Other items of interest, the top selling piece was by Francis Bacon, Three Studies Of Lucian Freud, oil on canvas, in 3 parts, painted in 1969. It sold for $142.40 million  (see image).  It broke the world record for a piece of art, beating the "Scream" record sale in 2012 by Sotheby's by $20 million. The buyer of the Freud was the Acquavella gallery (Michael Findlay, Director Acquavella Galleries will be speaking at the ISA conference in April in Kansas City, registration is now open, click HERE for more info).

We typically mention sales over a million dollars, well, out of the 69 pieces of art selling, 11 sold for over $20 million. 10 individual artist records were also set Tuesday evening.

Bloomberg reported on the sale
Sotheby’s activist investor Daniel Loeb and Blackstone Group (BX)’s James Tomilson Hill III attended the packed postwar and contemporary art auction that totaled $691.6 million -- well in excess of the previous record of $495 million set by a Christie’s sale of contemporary art in May. Eleven of the 69 lots last night sold for more than $20 million and only six failed to find buyers.

Records were smashed for 10 artists, including Willem de Kooning, Donald Judd, Ad Reinhardt, Lucio Fontana, Christopher Wool, Wade Guyton and Wayne Thiebaud.

“It’s a new world,” said Abigail Asher, with art advisory Guggenheim Asher Associates. “It feels like a reinvention of the art market. I’m overwhelmed.”

Major Reversal

The results were a reversal from Christie’s disappointing Impressionist and modern art sales last week. Its Nov. 5 evening sale tallied $144.3 million, just $2 million more than the Bacon last night.

“After the flat sales last week, it’s incredible to see how much energy there is in the contemporary-art market,” said art dealer David Zwirner, the underbidder for Koons’s puppy.

Closely held Christie’s estimated the 1969 Bacon triptych - - three canvases depicting artist Lucian Freud -- at more than $85 million. At least half a dozen competed for it, including two Asian bidders, over six minutes.

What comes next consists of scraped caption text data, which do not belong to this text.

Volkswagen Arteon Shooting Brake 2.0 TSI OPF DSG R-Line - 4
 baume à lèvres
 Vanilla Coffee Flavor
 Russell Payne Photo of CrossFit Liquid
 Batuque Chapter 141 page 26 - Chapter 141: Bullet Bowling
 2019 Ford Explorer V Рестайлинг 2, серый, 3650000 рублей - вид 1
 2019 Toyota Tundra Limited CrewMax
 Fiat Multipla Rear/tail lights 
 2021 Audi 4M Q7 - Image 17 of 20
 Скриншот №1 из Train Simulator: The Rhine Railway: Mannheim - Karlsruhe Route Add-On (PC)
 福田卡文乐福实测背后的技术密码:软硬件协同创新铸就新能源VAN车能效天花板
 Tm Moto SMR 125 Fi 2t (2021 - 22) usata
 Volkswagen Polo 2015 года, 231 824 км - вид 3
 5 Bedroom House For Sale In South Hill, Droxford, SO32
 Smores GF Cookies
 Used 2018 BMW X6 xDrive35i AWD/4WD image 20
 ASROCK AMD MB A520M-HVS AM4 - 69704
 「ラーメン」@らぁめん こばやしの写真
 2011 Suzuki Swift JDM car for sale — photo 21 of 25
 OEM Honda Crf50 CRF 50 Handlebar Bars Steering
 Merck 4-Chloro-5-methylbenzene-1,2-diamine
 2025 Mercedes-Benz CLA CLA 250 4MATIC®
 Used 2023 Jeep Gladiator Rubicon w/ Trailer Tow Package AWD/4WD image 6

Acquavella bought it through Lock Kresler, Christie’s head of private sales based in London. Last week, the gallery bought the top lot at Sotheby’s Impressionist and modern art sale, an Alberto Giacometti sculpture, for $50 million.

Koons’s 10-foot-tall stainless-steel puppy was consigned by newsprint magnate Peter Brant. Christie’s estimated it at $35 million to $55 million and guaranteed “Balloon Dog” would sell for an undisclosed minimum, financed through third parties.

Two Richters

The price smashed Koons’s previous record of $33.7 million and the record for the most expensive living artist, held by Gerhard Richter, whose 1968 painting, “Domplatz, Mailand,” sold for $37.1 million at Sotheby’s in May.

A Richter painting owned by Eric Clapton fetched $20.9 million, just above the low end of the presale estimate. While the bidding was measured, it brought a good return to its owner, being part of a trio of paintings that sold at Sotheby’s for $3.4 million in 2001. (Prices include buyer’s commission; estimates do not.)

In all, 22 lots, or almost a third of the sale, were guaranteed. One was “Apocalypse Now,” a 1988 painting by Wool, who’s the subject of a retrospective at the Solomon R. Guggenheim Museum. The work spelled “Sell the house sell the car sell the kids” in black on white. It fetched $26.5 million, more than three times Wool’s previous record. Art dealer Christophe van de Weghe bought the work for a client.

“People look at art as a hard asset,” the dealer said.

Brett Gorvy, Christie’s chairman of contemporary art, said the sale wasn’t indicative of a market bubble. Paris-based art adviser Loic Malle wasn’t sure.

“It’s either a beginning of something or the end of something,” Malle said.